The four-door Optima saloon has a massive task on its hands if it wants to make a dent into the territory dominated by the likes of Toyota Avensis, Ford Mondeo, VW Passat, Opel Insignia etc. but boy; it is a great-looking machine. This is good news as the highly competitive D sector is fleet buyer-driven and image is important to 'Reps' on the road.
Optima's exterior is a beautifully cohesive bit of design. You could stick a Jaguar badge on it and you'd only get a few raised eyebrows. Inside is well-appointed - but not quite as interesting or of such quality as the exterior would suggest. The cabin is spacious and, of course, there is an impressive list of toys available.
There is one engine available in Ireland, namely the 'Euro 5'-compliant 1.7-litre, turbo-diesel, four-cylinder that we know well. Manual and automatic versions can be bought - our automatic test car proved to be disappointing, as the box simply doesn't suit the engine and how we wanted to use the Optima. The 6-speed manual is the only version to consider and it will make up the bulk of sales, especially as it sits in a lower tax band (B). The diesel unit is a little noisy but thrifty. It can return a combined average consumption of 5.1 per 100 kilometres (55mpg) and up to 4.5 on extra urban runs.
On the road the 134bhp front-wheel drive Optima's handling is pretty neutral, but a back-to-back test with a 1.6-litre turbo-diesel Mondeo saw it fall well short of class-leading. Optima's suspension just fails to deliver the level of control that the Mondeo manages. Mondeo rides with a sophistication on the road that rivals can't match (although the Mazda 6 comes very close). Optima isn't short of power, with 325nm of torque produced, but the five-seat car just doesn't encourage you to use the poke it has, let alone take the long way home - shame. Once home you will sneak a look back at the car, as its styling compensates somewhat for its dynamic shortcomings.

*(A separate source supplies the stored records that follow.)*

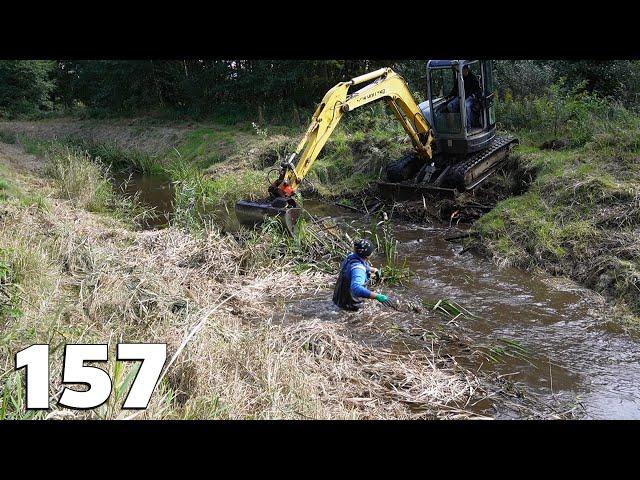 Beaver Dam Removal With Excavator No.157 - Filling A Hole In The Stream Bank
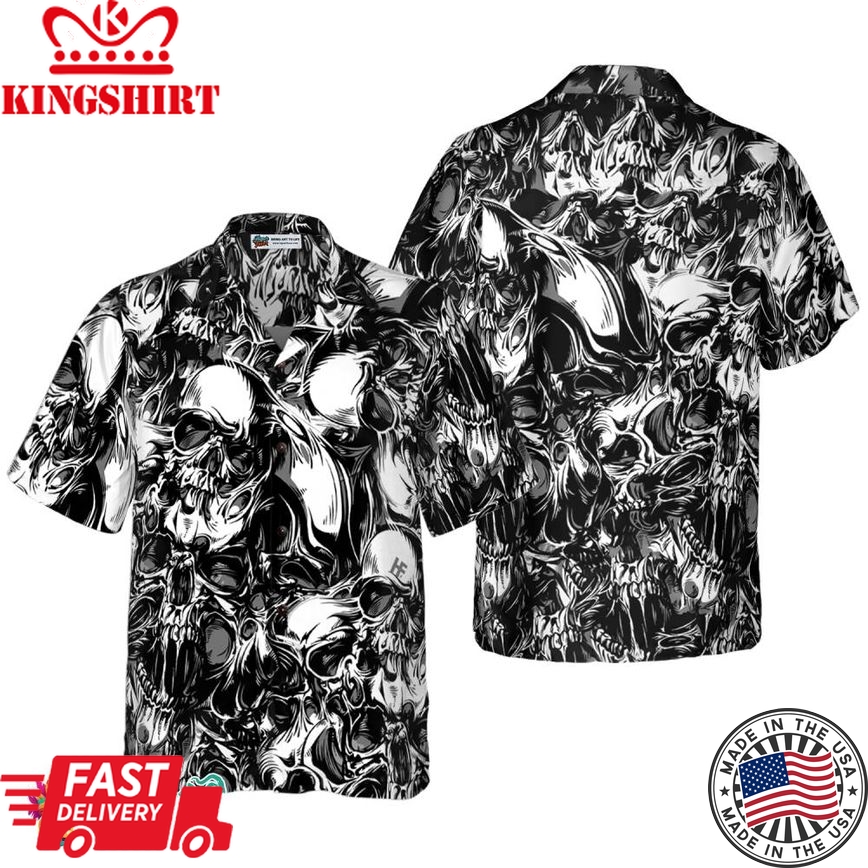 3D Skull Pattern Hawaiian Shirt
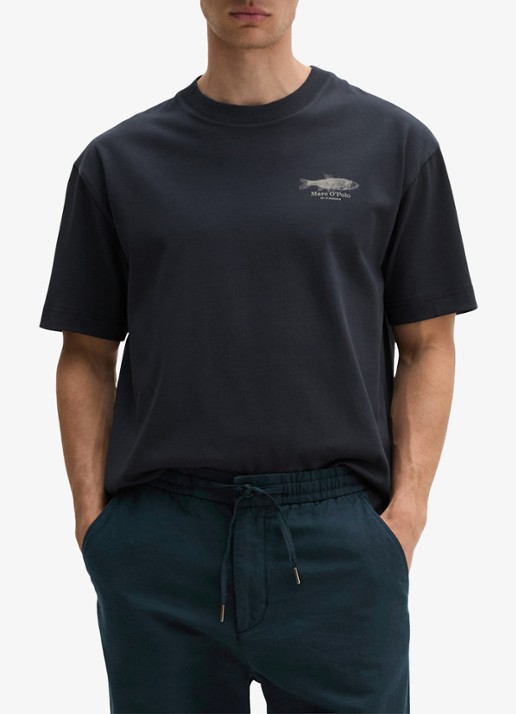 Marc O'Polo T-shirt met print - detail 2 dark navy-4131 / blauw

Korean carmaker Kia, along with its sister company Hyundai, is currently one of the world's top five carmakers, but unless it gets more bums on seats the brand will remain a well-kept secret here. With the youthful Korean brand people have to test-drive the cars to realise that in many cases they're better than the Japanese equivalent! As with all new Kias there is an industry-leading warranty for seven years that is also transferable if the car is sold on. This, coupled with the rise and rise of Korea as a serious manufacturer of reliable cars, makes Optima a shrewd proposition. Well, almost. Prices start at €26,995 for the entry EX and rise up to €33,195 for the 'Platinum' automatic on 18-inch alloys - so the only thing against the new machine is that is not relatively cheaper than the competition. You can't force buyers to change their perception of a brand, but you can induce them to.
Kia Optima – a great-looking machine.